An unusual band name; a personal throwback to my more youthful days of living in Canada, and a particular incident of travelling buddies running away from an elk that we caught stagnant on the road, under the false assumption that this was protocol for such an encounter. However, it is not only the name that throws me back to an earlier life; there are definitely elements of Sonic Youth, Pavement and Pixies in there, too. This is a band that is nostalgically looking back to a more youthful era, evidenced by their thrashing guitar riffs and extensive vocals which begin the album with ‘This Morning We Are Astronauts’ and the lyric, “haven’t we lived this dream before.”
Boasting members from a plethora of bands from Scotland’s indie music arena – namely PAWS, Lady North and Bronto Skylift – and with an American 90s indie rock sound which threads its way from ‘This Morning We Are Astronauts’ right through to ‘Tomorrow’, Garden of Elks’ A Distorted Sigh feels far from being a debut album.
The album, which has a pacey feel to it, is composed of short, snappy tracks full of out of kilter guitar, bass drum and an element of discord which keeps it interesting, but also tends to pre-date it. New track ‘Swap’, with its changing tempo, constant bass drum and frictional vocals which creates an almost translucent sound. However, there are moments where the tracks makes the hairs on the back of my neck stand on end, in the same way that nails against a blackboard do. It does not make for easy listening and for the most part feels like a hurried album which, had it been given a little extra time, could have been much more refined, instead of a band who seem to be rushing from start to finish.

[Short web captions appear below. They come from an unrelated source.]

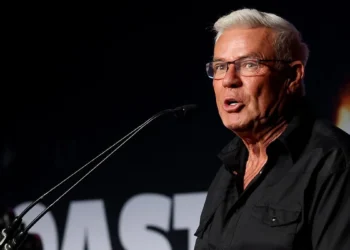Eric Bischoff pierde la fe en AEW: "Son horribles. Me rindo"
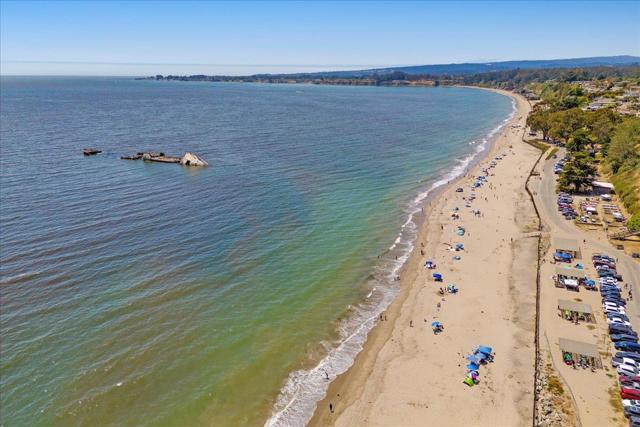 435 Coates Drive, Aptos CA: https://media.crmls.org/mediaz/2ddb70dd-01c2-4782-8f25-8ac8072975c6.jpg
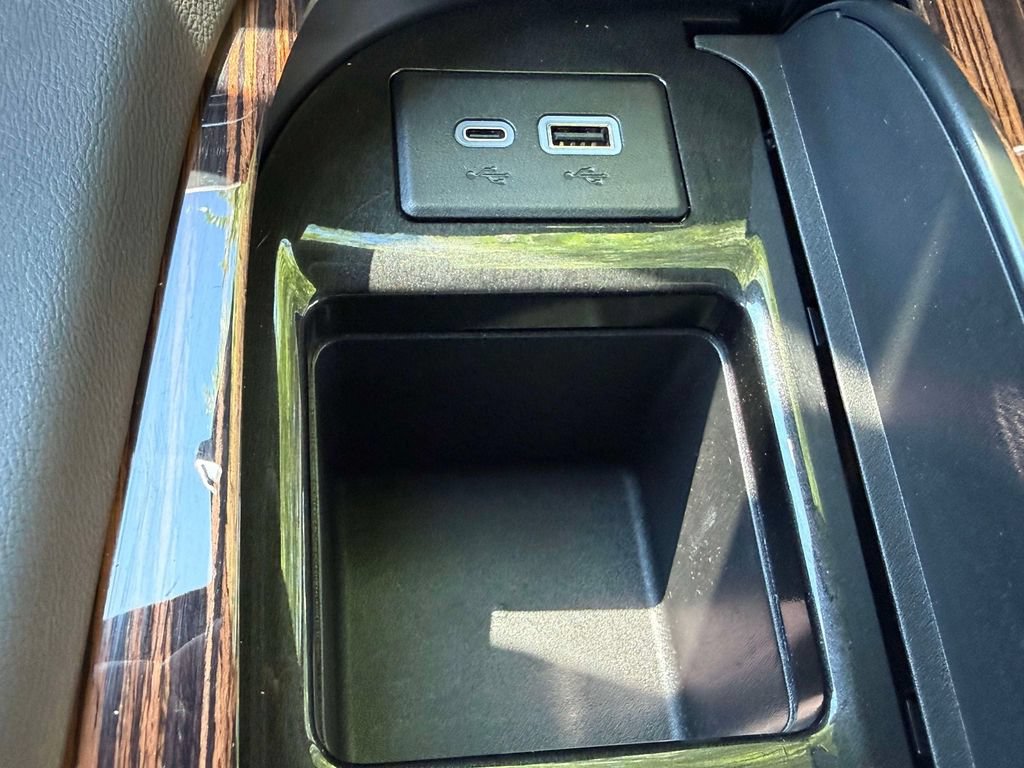 Used 2024 Cadillac Escalade Luxury AWD/4WD image 26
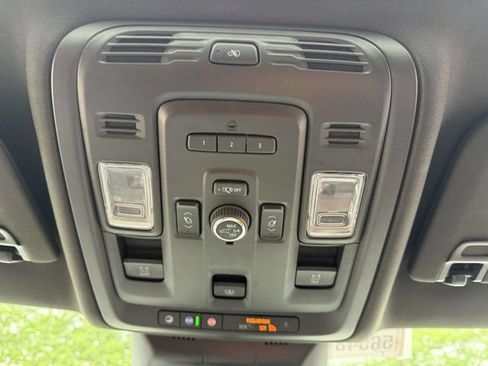 Used 2022 Cadillac Escalade ESV Premium Luxury AWD/4WD image 31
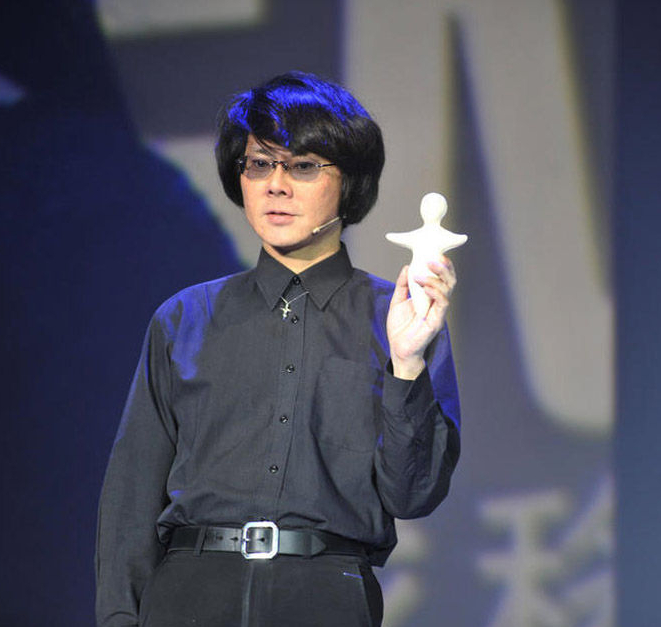 日本女神机器人亮相互联网大会4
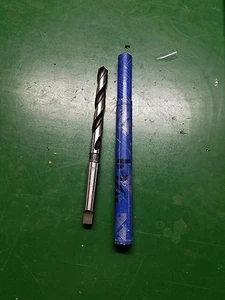 MACHINING INC. TRAPANO A GAMBO CONICO 41/64'' - Foto 1 di 5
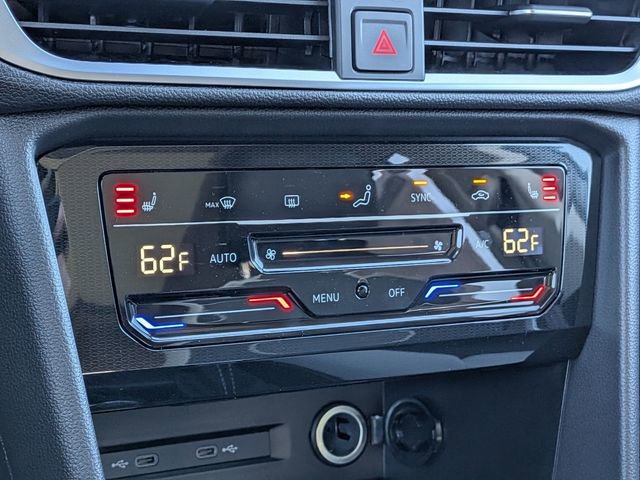 New 2026 Volkswagen Taos SE image 20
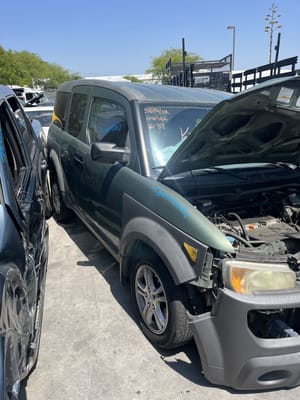 2004 Honda Element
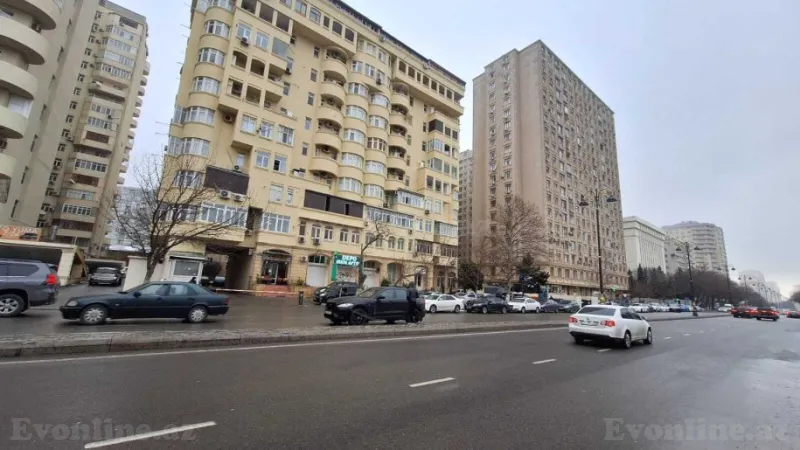 Satılır 2 otaqlı Mənzil Yeni tikili 60 m² İnşaatçılar m.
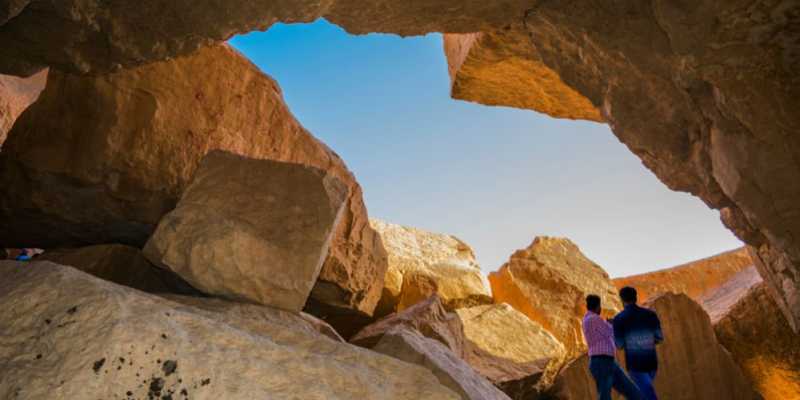 Arab Saudi Promosikan 250 Gua Kuno untuk Objek Wisata - Uzone Arab Saudi Promosikan 250 Gua Kuno untuk Objek Wisata - Uzone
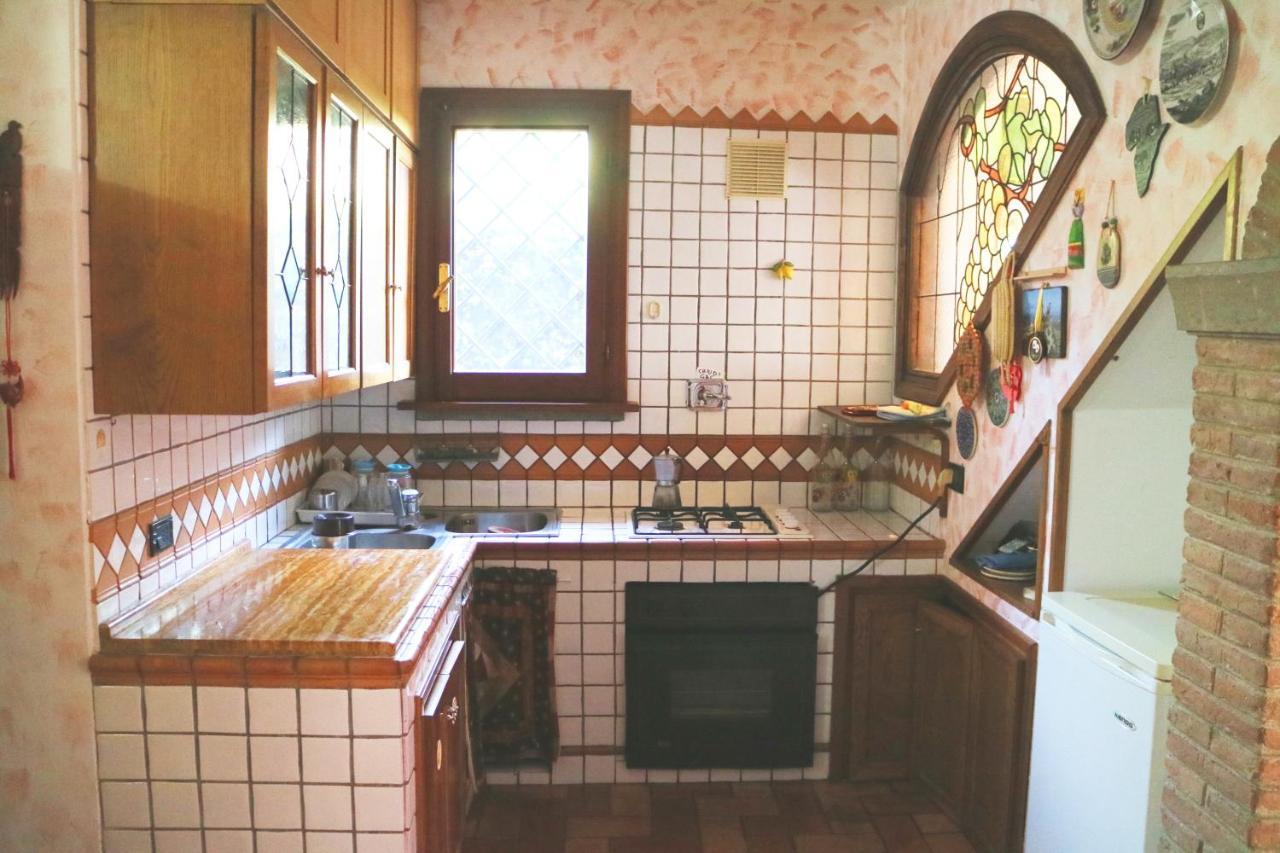 B&B Ai Glicini - Castelli Romani Marino Bagian luar foto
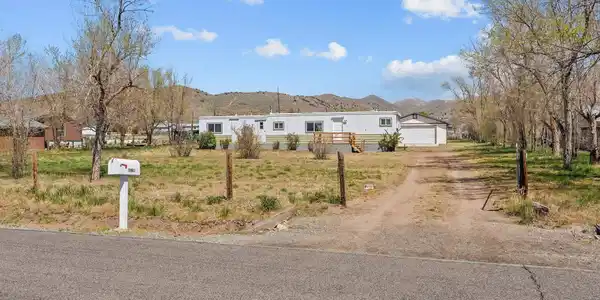 18805 Pinon
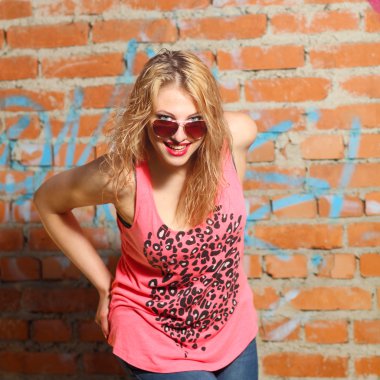 güneş gözlüğü moda kız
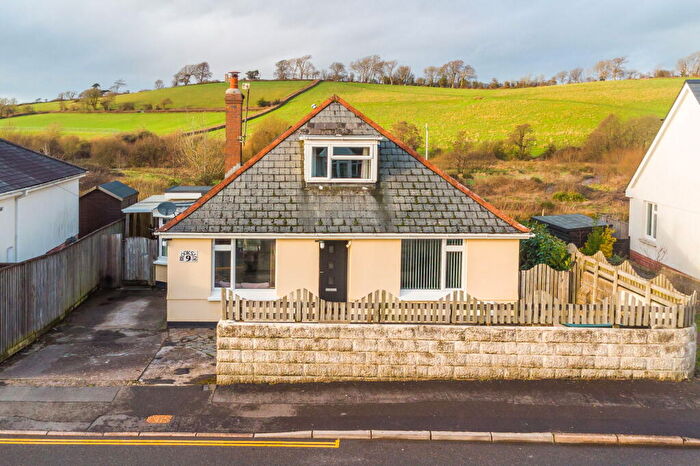 4 Bedroom Chalet For Sale In Chaddiford Lane, Pilton, Barnstaple, North Devon, EX31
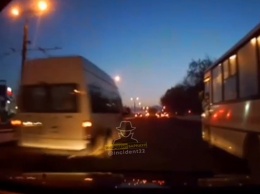 На шоссе Ленточный Бор в Барнауле произошло ДТП с участием маршрутки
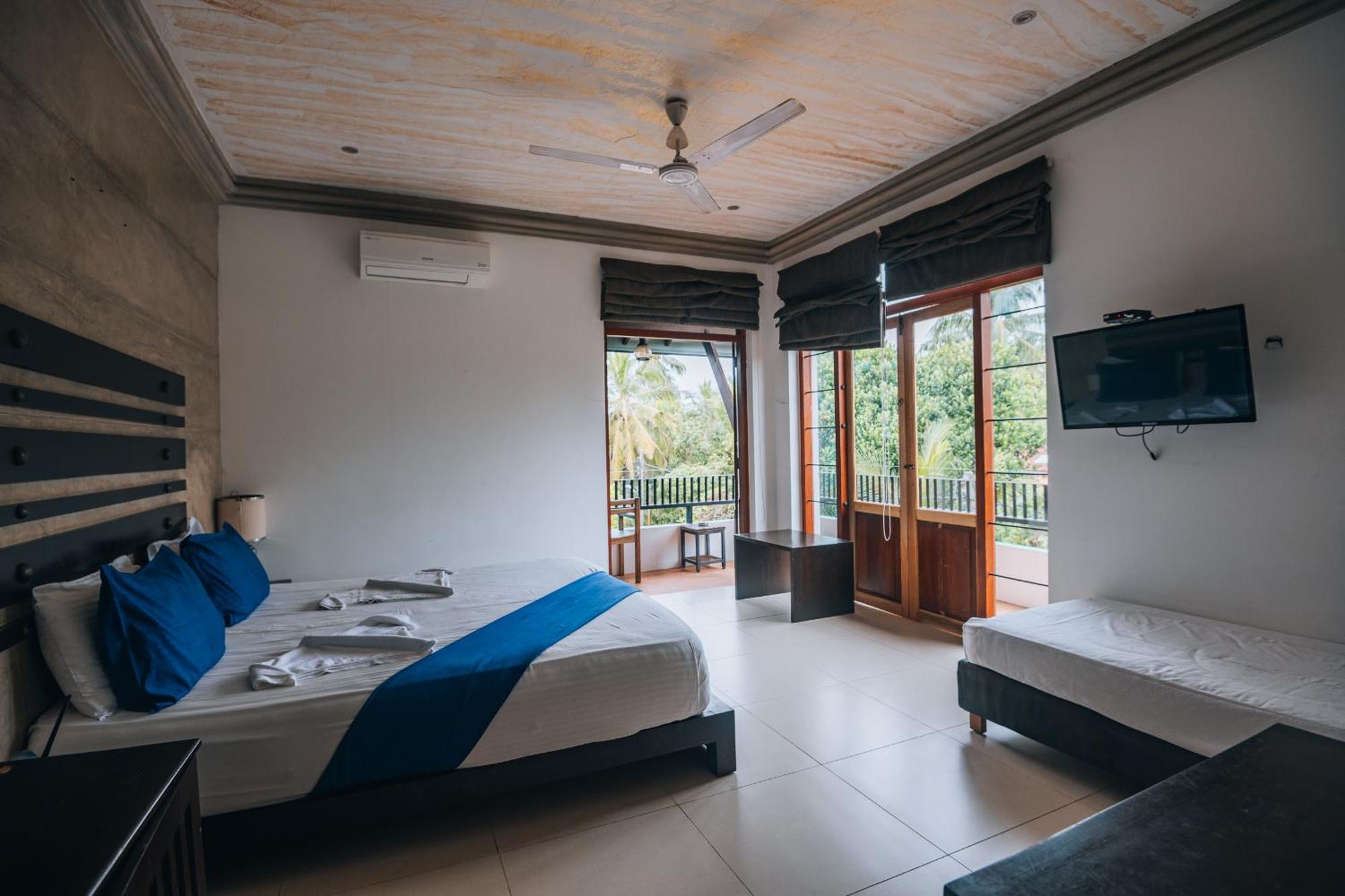 Summer Side residencia Negombo Exterior foto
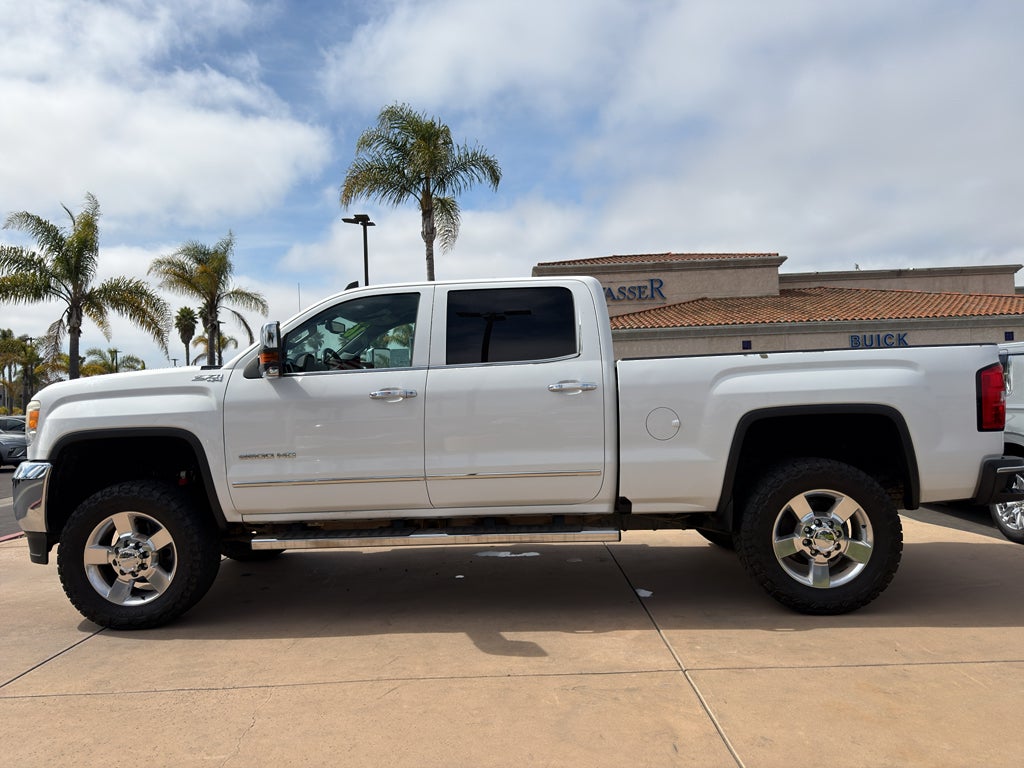 2016 GMC Sierra 2500 HD Crew Cab Standard Box 4-Wheel Drive SLT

In fact, most of this album has this effect, all of which makes for rather uncomfortable listening. The tempo of guitar and drums throughout suggest that the album will finish soon enough, and this hurried sound is particularly evident on tracks like ‘I Hid Inside’ and ‘Smile’.
Incorporating a rather clunky sounding guitar, intense drumming and dissonance, this album is not quite there for Garden of Elks. It does regurgitate the sounds of the nineties, and the band have yet to find one of their own which is perhaps something they will do with albums to come. Unfortunately A Distorted Sigh is not far removed from its title. It is an album of short, thrashy, pop sounds that come across as being just a little too quick but with a nod to the grunge era of our youth.